Esse espírito repercutiu em centenas de leitores e, ao longo de cinco anos de trabalho e mais de trinta entrevistas com especialistas, o festival se consolidou como um espaço para autores refletirem sobre os desafios dos tempos: as novas gerações, as mídias sociais, até mesmo a inteligência artificial.
A sétima edição traz uma novidade: a cerimônia de abertura não será conduzida por uma figura literária renomada, mas pelos próprios leitores . Com microfone aberto, os interessados poderão ler um trecho de Borges mediante inscrição prévia por e-mail. O evento acontecerá na livraria El Aleph, no bairro portenho de Recoleta (Avenida Santa Fé, 2151), a partir das 18h30.
O gesto não é coincidência. "Borges é o escritor que é porque, acima de tudo, era um leitor extraordinário", diz Mecca. Ele acrescenta: "Ter leitores inaugurando o festival é a maior homenagem que podemos lhe prestar."
O leitmotiv deste ano é "invasão", uma referência ao filme Invasão, de 1969, que Borges coescreveu com Adolfo Bioy Casares e Hugo Santiago, e que será exibido este ano. " Borges invadiu a literatura argentina de forma excepcional. Essa invasão continua a ocorrer", diz Mecca. O tema também visa ocupar outros espaços: as redes sociais, as conversas cotidianas e os espaços públicos.
Borges 30 anos após a morte do grande escritor. Arquivo Clarín.
Um dos momentos mais aguardados será o experimento "A Inteligência Artificial Pode Escrever Como Borges?" , que acontecerá na Escola Cristóforo Colombo (Ramsay 225). Lá, em um diálogo ao vivo, textos do próprio Borges serão comparados com produções de uma IA configurada em seu estilo . A questão subjacente — se as máquinas podem substituir a literatura — promete abrir um debate urgente para os tempos atuais.

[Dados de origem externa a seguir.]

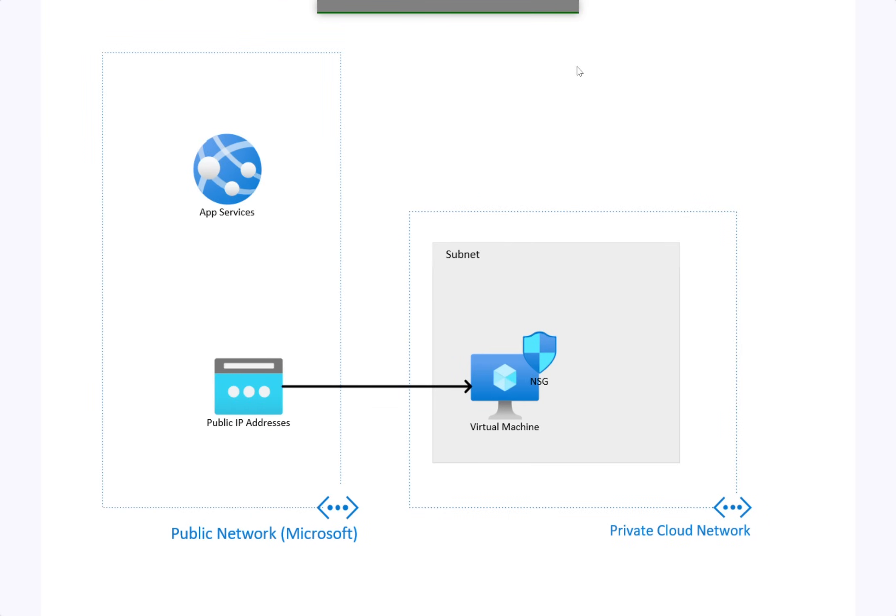Before we get going, here's a brief recap of where we started. We created an app service, a public IP address, and that public IP address we connected to a virtual machine which has an NSG attached to it, sitting inside of a subnet in our private network.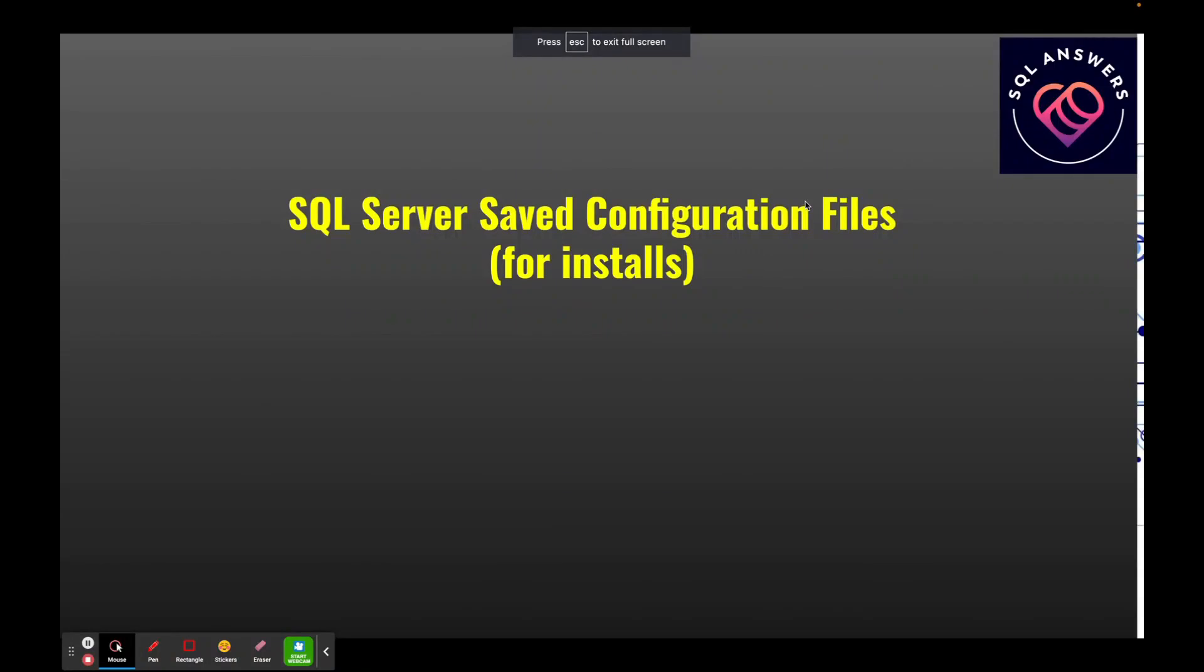Today, we're going to talk about SQL Server saved configuration files, but we're going to do it a little bit different way.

O programa também inclui o programa "Borges Kids", criado para apresentar sua obra ao público infantil . Baseado no conto "A Casa de Asterion", as crianças criarão seu próprio livro em uma oficina na livraria Naesqui, em Villa Ortúzar (14 de Julio e Charlone).
A sessão de encerramento, por sua vez, terá um tom inesperadamente rock. Andrea Prodan , irmão de Luca, falará sobre Borges, rock, mitologia portenha, Inglaterra, Pink Floyd e cinema. Um crossover improvável, mas consistente com o espírito descontraído do festival. "Vamos dançar e vamos Borges", conclui Mecca.
As atividades são gratuitas e abertas ao público, por ordem de chegada, e algumas exigem inscrição prévia. A programação completa pode ser encontrada em borgespalooza.com.